Des mouvements politiques, comme ici la France Insoumise, n'ignorent évidemment pas ces faits. Les plus optimistes espèrent que des révoltes sociales en profondeur pourront ramener un peu d'égalité. Nous pensons pour notre part que c'est une illusion. Les 500 milliardaires ont tous les moyens policiers et militaires pour faire taire les opposants - sans mentionner les milices privées dont le budget dans certains Etats dépasse celui des forces armées. Si la menace se précisait, ils n'hésiteraient pas à s'en servir froidement .

Source

https://www.bloomberg.com/news/articles/2017-12-27/world-s-wealthiest-gain-1-trillion-in-17-on-market-exuberance

Note au 31/12/2017

Un de nos lecteurs Alain R. que nous remercions, nous écrit:

Quelle valeur attribuer aux « révélations » de Bloomberg?

Il faut savoir que pour diffuser la richesse d'un quidam, les Bloomberg et autre Forbes, doivent avoir l'autorisation de ce quidam.

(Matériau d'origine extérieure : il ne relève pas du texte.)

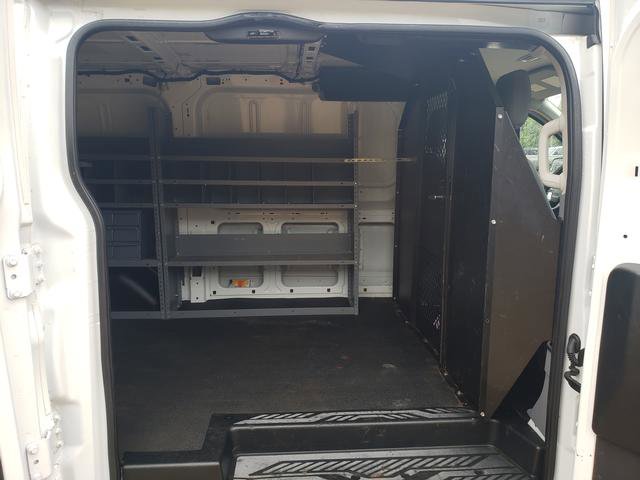 Used 2015 Ford Transit 150 130 Low Roof image 16
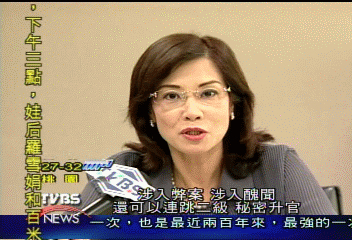 傳楊六生將升國安局副座 引質疑
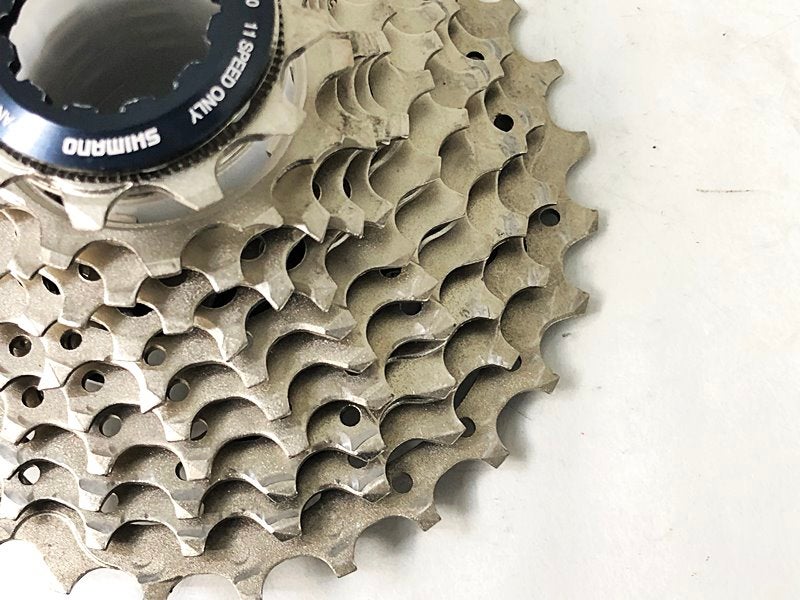 シマノ SHIMANO アルテグラ ULTEGRA CS-R8000 11-28T スプロケット 〇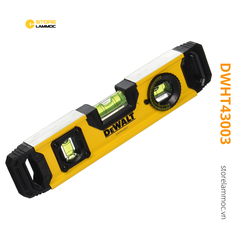 Thước thuỷ 25cm DWHT43003 DEWALT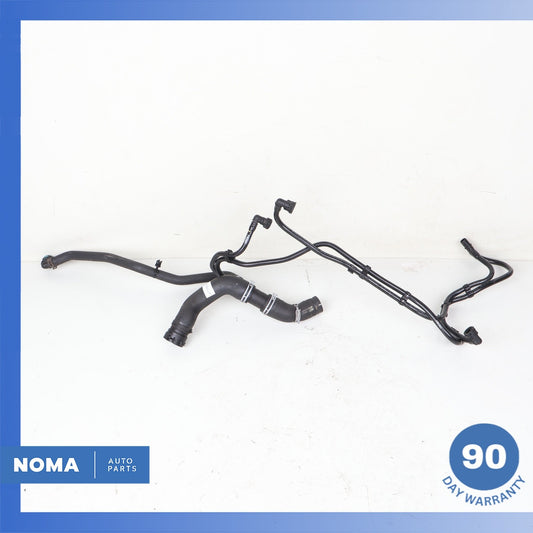 13-22 LR Range Rover L405 L494 Engine Motor Cooling Radiator Hose Pipe OEM - photo 1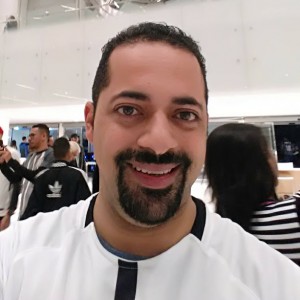 Alex dos Santos Ramos
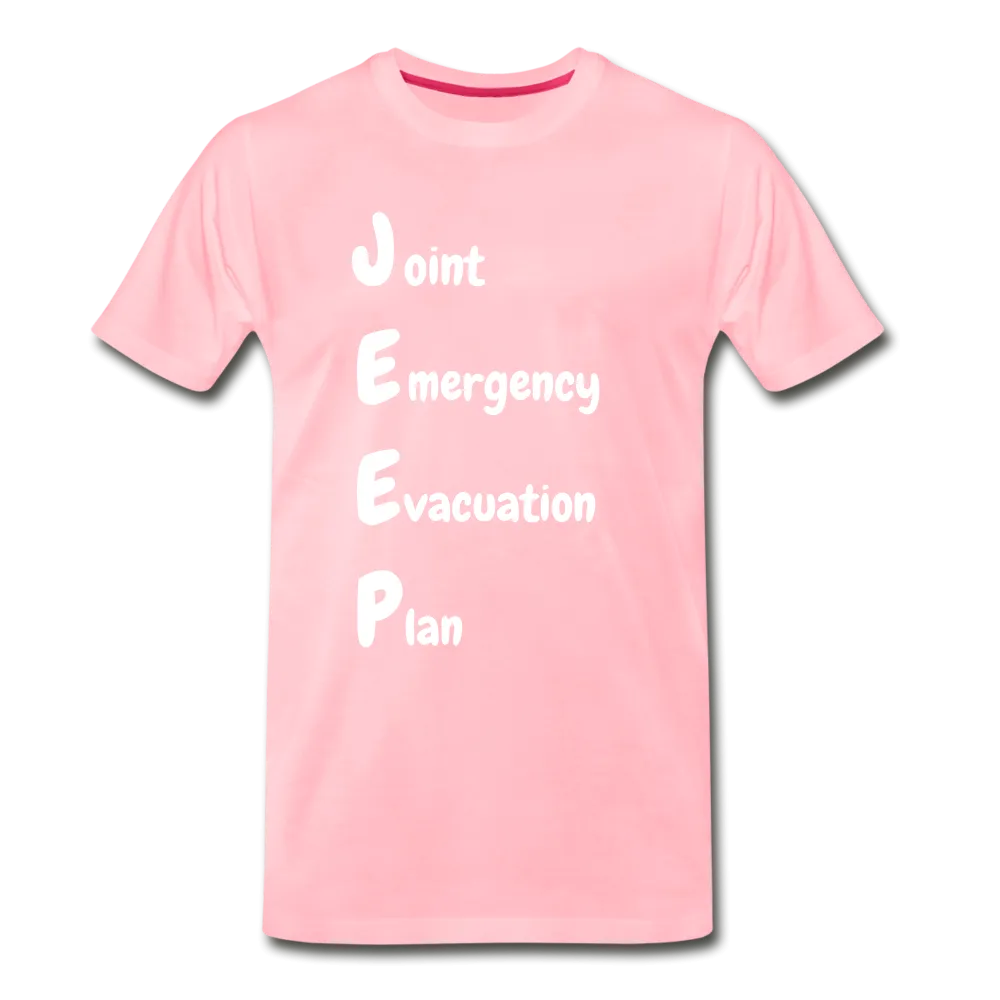 Joint Emergency Evacuation Plan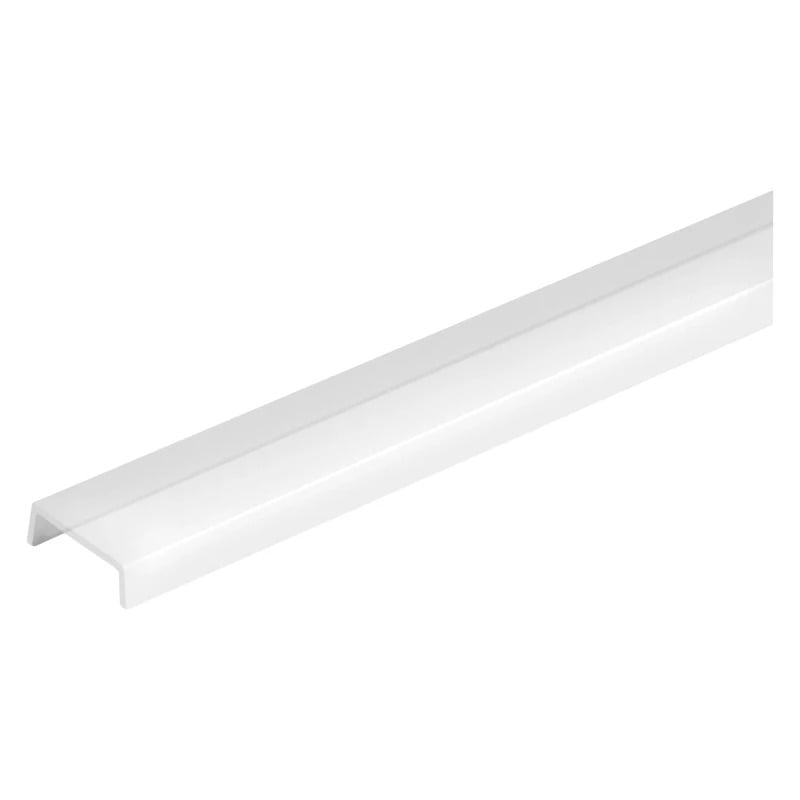 LEDvance Onderdeel Led Strip | Covers for LED Strip Profiles -PC/P01/C/2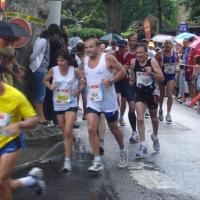 MARVEJOLS-MENDE 2008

Ces milliardaires n'acceptent la publication de leurs fortunes que pour des raisons publicitaires. Les vrais riches sont ceux qui ont le privilège de créer la monnaie par leurs participations aux activités bancaires, ils n'ont pas besoin de faire de la publicité pour gagner de l'argent puisque ce sont eux qui créent l'argent. (en fait, ils financent par la monnaie qu'ils créent leurs achats d'actifs réels).

Il n'est évidemment pas question que leur fortune obscène soit exposée en public. Il est d'ailleurs pratiquement impossible de les évaluer puisque la part la plus importante est localisée dans des zones offshore totalement opaques au public et même aux administrations fiscales de nos "démocraties". 

Dans son livre "La guerre des monnaies" Hongbing Song a tenté une évaluation de la fortune des Rothshild. Elle s'évalue en milliers de milliards de $, alors que nos milliardaires Bloomberg/Forbes sont en dizaine de milliard : un rapport de 1 à 100. 

On peut partir d'un nom très connu comme Rothshild pour faire une recherche, mais combien d'inconnus sont au niveau de Rothshild ou au-dessus ?

Les règles d'anonymat chères à nos voisins d'outre-Manche ne permettent pas d'en avoir la moindre idée.

 Nous répondons:

Alain R. a parfaitement raison. Ceci dit, en l'absence de chiffres précis concernant les inégalités, impossibles à obtenir, il n'est pas inutile de disposer de quelques indices. Mais pour bien faire, il ne faudrait pas se limiter à eux. Malheureusement, l'omerta est institionnalisée.